EXERCISE:
Set down the material exactly, keeping every line whole.

DATA RECORDS:
|---|
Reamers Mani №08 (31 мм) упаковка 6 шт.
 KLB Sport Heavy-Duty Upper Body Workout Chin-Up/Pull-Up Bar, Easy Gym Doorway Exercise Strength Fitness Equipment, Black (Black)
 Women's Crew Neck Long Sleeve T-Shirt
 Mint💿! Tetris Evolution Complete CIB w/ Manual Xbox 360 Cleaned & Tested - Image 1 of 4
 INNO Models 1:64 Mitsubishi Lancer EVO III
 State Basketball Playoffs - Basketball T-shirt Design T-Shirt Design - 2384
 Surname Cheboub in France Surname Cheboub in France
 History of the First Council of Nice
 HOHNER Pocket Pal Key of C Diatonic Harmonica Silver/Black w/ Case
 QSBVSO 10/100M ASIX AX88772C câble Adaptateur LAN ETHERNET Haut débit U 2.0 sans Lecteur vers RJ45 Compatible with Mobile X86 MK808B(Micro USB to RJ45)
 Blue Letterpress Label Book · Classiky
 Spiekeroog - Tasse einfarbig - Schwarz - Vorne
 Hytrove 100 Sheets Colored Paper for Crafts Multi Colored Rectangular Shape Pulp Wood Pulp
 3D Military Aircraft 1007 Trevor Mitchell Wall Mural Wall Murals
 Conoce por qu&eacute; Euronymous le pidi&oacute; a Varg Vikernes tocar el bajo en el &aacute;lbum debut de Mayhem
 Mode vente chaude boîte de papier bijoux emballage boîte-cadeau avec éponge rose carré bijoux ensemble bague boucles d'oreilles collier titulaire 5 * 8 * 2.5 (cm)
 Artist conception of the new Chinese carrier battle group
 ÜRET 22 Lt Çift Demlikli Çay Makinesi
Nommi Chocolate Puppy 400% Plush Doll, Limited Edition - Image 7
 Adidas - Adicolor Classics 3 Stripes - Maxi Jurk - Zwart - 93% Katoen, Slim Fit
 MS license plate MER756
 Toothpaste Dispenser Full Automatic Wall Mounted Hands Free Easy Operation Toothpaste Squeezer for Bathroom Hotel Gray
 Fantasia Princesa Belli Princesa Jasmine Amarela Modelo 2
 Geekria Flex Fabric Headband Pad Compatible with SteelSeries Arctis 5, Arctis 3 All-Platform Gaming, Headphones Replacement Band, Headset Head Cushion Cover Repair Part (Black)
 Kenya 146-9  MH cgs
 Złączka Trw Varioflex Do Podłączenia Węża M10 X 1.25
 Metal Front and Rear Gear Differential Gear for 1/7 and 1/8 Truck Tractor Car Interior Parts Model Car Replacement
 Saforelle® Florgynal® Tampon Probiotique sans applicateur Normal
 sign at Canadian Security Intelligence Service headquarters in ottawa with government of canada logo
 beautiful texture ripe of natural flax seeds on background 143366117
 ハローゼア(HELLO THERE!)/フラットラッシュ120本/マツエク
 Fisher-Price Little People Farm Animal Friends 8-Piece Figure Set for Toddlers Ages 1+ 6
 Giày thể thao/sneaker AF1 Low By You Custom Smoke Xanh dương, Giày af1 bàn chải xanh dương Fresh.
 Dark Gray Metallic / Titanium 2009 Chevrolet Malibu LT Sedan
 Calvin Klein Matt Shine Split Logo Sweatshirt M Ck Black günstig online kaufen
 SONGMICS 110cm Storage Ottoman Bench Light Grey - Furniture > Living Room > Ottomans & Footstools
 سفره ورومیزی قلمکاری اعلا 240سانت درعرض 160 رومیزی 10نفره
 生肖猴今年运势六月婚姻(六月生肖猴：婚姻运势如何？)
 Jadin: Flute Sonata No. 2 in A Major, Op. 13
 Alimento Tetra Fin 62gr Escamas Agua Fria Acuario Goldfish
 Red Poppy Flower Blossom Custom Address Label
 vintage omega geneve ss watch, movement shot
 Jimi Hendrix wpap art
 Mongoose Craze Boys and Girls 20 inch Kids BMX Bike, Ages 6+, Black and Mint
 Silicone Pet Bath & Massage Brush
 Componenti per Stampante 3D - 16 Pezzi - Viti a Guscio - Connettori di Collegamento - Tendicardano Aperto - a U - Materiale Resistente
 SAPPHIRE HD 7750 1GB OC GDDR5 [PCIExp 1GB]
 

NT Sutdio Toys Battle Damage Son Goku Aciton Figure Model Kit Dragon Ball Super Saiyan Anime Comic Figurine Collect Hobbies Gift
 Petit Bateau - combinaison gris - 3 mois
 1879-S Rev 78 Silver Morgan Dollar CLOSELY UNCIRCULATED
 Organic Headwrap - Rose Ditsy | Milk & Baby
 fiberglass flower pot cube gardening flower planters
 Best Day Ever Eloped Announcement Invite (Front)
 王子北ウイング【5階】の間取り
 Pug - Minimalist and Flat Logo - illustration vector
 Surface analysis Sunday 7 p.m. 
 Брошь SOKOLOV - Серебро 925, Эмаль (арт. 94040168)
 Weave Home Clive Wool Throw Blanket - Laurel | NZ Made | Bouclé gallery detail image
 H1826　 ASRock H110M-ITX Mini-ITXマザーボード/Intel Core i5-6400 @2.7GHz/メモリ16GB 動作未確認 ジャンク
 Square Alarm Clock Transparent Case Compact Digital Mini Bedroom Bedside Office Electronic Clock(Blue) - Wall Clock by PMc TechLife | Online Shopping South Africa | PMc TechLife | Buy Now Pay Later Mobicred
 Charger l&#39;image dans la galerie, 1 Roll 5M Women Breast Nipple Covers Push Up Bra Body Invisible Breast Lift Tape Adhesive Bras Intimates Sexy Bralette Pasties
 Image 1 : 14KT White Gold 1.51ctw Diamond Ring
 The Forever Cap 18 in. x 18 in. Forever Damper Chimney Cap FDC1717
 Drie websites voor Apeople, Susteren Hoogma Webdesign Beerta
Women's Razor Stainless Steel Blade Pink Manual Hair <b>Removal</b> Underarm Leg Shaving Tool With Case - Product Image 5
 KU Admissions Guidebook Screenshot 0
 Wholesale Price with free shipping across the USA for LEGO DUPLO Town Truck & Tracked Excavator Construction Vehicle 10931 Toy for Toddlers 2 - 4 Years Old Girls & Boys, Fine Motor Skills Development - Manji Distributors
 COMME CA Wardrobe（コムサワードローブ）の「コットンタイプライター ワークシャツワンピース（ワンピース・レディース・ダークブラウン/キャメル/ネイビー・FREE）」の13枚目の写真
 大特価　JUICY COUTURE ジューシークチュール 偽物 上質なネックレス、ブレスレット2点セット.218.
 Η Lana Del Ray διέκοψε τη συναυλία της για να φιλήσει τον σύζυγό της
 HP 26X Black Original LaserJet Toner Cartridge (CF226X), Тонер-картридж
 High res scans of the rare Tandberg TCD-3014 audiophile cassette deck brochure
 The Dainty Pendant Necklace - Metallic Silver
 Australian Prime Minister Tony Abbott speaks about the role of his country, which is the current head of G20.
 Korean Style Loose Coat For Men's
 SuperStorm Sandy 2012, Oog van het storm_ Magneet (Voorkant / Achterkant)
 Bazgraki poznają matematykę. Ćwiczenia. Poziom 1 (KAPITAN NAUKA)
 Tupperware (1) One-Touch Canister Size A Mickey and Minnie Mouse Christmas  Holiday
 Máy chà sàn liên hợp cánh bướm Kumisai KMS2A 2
|---|
ANSWER TO THIS EXERCISE:
Reamers Mani №08 (31 мм) упаковка 6 шт.
 KLB Sport Heavy-Duty Upper Body Workout Chin-Up/Pull-Up Bar, Easy Gym Doorway Exercise Strength Fitness Equipment, Black (Black)
 Women's Crew Neck Long Sleeve T-Shirt
 Mint💿! Tetris Evolution Complete CIB w/ Manual Xbox 360 Cleaned & Tested - Image 1 of 4
 INNO Models 1:64 Mitsubishi Lancer EVO III
 State Basketball Playoffs - Basketball T-shirt Design T-Shirt Design - 2384
 Surname Cheboub in France Surname Cheboub in France
 History of the First Council of Nice
 HOHNER Pocket Pal Key of C Diatonic Harmonica Silver/Black w/ Case
 QSBVSO 10/100M ASIX AX88772C câble Adaptateur LAN ETHERNET Haut débit U 2.0 sans Lecteur vers RJ45 Compatible with Mobile X86 MK808B(Micro USB to RJ45)
 Blue Letterpress Label Book · Classiky
 Spiekeroog - Tasse einfarbig - Schwarz - Vorne
 Hytrove 100 Sheets Colored Paper for Crafts Multi Colored Rectangular Shape Pulp Wood Pulp
 3D Military Aircraft 1007 Trevor Mitchell Wall Mural Wall Murals
 Conoce por qu&eacute; Euronymous le pidi&oacute; a Varg Vikernes tocar el bajo en el &aacute;lbum debut de Mayhem
 Mode vente chaude boîte de papier bijoux emballage boîte-cadeau avec éponge rose carré bijoux ensemble bague boucles d'oreilles collier titulaire 5 * 8 * 2.5 (cm)
 Artist conception of the new Chinese carrier battle group
 ÜRET 22 Lt Çift Demlikli Çay Makinesi
Nommi Chocolate Puppy 400% Plush Doll, Limited Edition - Image 7
 Adidas - Adicolor Classics 3 Stripes - Maxi Jurk - Zwart - 93% Katoen, Slim Fit
 MS license plate MER756
 Toothpaste Dispenser Full Automatic Wall Mounted Hands Free Easy Operation Toothpaste Squeezer for Bathroom Hotel Gray
 Fantasia Princesa Belli Princesa Jasmine Amarela Modelo 2
 Geekria Flex Fabric Headband Pad Compatible with SteelSeries Arctis 5, Arctis 3 All-Platform Gaming, Headphones Replacement Band, Headset Head Cushion Cover Repair Part (Black)
 Kenya 146-9  MH cgs
 Złączka Trw Varioflex Do Podłączenia Węża M10 X 1.25
 Metal Front and Rear Gear Differential Gear for 1/7 and 1/8 Truck Tractor Car Interior Parts Model Car Replacement
 Saforelle® Florgynal® Tampon Probiotique sans applicateur Normal
 sign at Canadian Security Intelligence Service headquarters in ottawa with government of canada logo
 beautiful texture ripe of natural flax seeds on background 143366117
 ハローゼア(HELLO THERE!)/フラットラッシュ120本/マツエク
 Fisher-Price Little People Farm Animal Friends 8-Piece Figure Set for Toddlers Ages 1+ 6
 Giày thể thao/sneaker AF1 Low By You Custom Smoke Xanh dương, Giày af1 bàn chải xanh dương Fresh.
 Dark Gray Metallic / Titanium 2009 Chevrolet Malibu LT Sedan
 Calvin Klein Matt Shine Split Logo Sweatshirt M Ck Black günstig online kaufen
 SONGMICS 110cm Storage Ottoman Bench Light Grey - Furniture > Living Room > Ottomans & Footstools
 سفره ورومیزی قلمکاری اعلا 240سانت درعرض 160 رومیزی 10نفره
 生肖猴今年运势六月婚姻(六月生肖猴：婚姻运势如何？)
 Jadin: Flute Sonata No. 2 in A Major, Op. 13
 Alimento Tetra Fin 62gr Escamas Agua Fria Acuario Goldfish
 Red Poppy Flower Blossom Custom Address Label
 vintage omega geneve ss watch, movement shot
 Jimi Hendrix wpap art
 Mongoose Craze Boys and Girls 20 inch Kids BMX Bike, Ages 6+, Black and Mint
 Silicone Pet Bath & Massage Brush
 Componenti per Stampante 3D - 16 Pezzi - Viti a Guscio - Connettori di Collegamento - Tendicardano Aperto - a U - Materiale Resistente
 SAPPHIRE HD 7750 1GB OC GDDR5 [PCIExp 1GB]
 

NT Sutdio Toys Battle Damage Son Goku Aciton Figure Model Kit Dragon Ball Super Saiyan Anime Comic Figurine Collect Hobbies Gift
 Petit Bateau - combinaison gris - 3 mois
 1879-S Rev 78 Silver Morgan Dollar CLOSELY UNCIRCULATED
 Organic Headwrap - Rose Ditsy | Milk & Baby
 fiberglass flower pot cube gardening flower planters
 Best Day Ever Eloped Announcement Invite (Front)
 王子北ウイング【5階】の間取り
 Pug - Minimalist and Flat Logo - illustration vector
 Surface analysis Sunday 7 p.m. 
 Брошь SOKOLOV - Серебро 925, Эмаль (арт. 94040168)
 Weave Home Clive Wool Throw Blanket - Laurel | NZ Made | Bouclé gallery detail image
 H1826　 ASRock H110M-ITX Mini-ITXマザーボード/Intel Core i5-6400 @2.7GHz/メモリ16GB 動作未確認 ジャンク
 Square Alarm Clock Transparent Case Compact Digital Mini Bedroom Bedside Office Electronic Clock(Blue) - Wall Clock by PMc TechLife | Online Shopping South Africa | PMc TechLife | Buy Now Pay Later Mobicred
 Charger l&#39;image dans la galerie, 1 Roll 5M Women Breast Nipple Covers Push Up Bra Body Invisible Breast Lift Tape Adhesive Bras Intimates Sexy Bralette Pasties
 Image 1 : 14KT White Gold 1.51ctw Diamond Ring
 The Forever Cap 18 in. x 18 in. Forever Damper Chimney Cap FDC1717
 Drie websites voor Apeople, Susteren Hoogma Webdesign Beerta
Women's Razor Stainless Steel Blade Pink Manual Hair <b>Removal</b> Underarm Leg Shaving Tool With Case - Product Image 5
 KU Admissions Guidebook Screenshot 0
 Wholesale Price with free shipping across the USA for LEGO DUPLO Town Truck & Tracked Excavator Construction Vehicle 10931 Toy for Toddlers 2 - 4 Years Old Girls & Boys, Fine Motor Skills Development - Manji Distributors
 COMME CA Wardrobe（コムサワードローブ）の「コットンタイプライター ワークシャツワンピース（ワンピース・レディース・ダークブラウン/キャメル/ネイビー・FREE）」の13枚目の写真
 大特価　JUICY COUTURE ジューシークチュール 偽物 上質なネックレス、ブレスレット2点セット.218.
 Η Lana Del Ray διέκοψε τη συναυλία της για να φιλήσει τον σύζυγό της
 HP 26X Black Original LaserJet Toner Cartridge (CF226X), Тонер-картридж
 High res scans of the rare Tandberg TCD-3014 audiophile cassette deck brochure
 The Dainty Pendant Necklace - Metallic Silver
 Australian Prime Minister Tony Abbott speaks about the role of his country, which is the current head of G20.
 Korean Style Loose Coat For Men's
 SuperStorm Sandy 2012, Oog van het storm_ Magneet (Voorkant / Achterkant)
 Bazgraki poznają matematykę. Ćwiczenia. Poziom 1 (KAPITAN NAUKA)
 Tupperware (1) One-Touch Canister Size A Mickey and Minnie Mouse Christmas  Holiday
 Máy chà sàn liên hợp cánh bướm Kumisai KMS2A 2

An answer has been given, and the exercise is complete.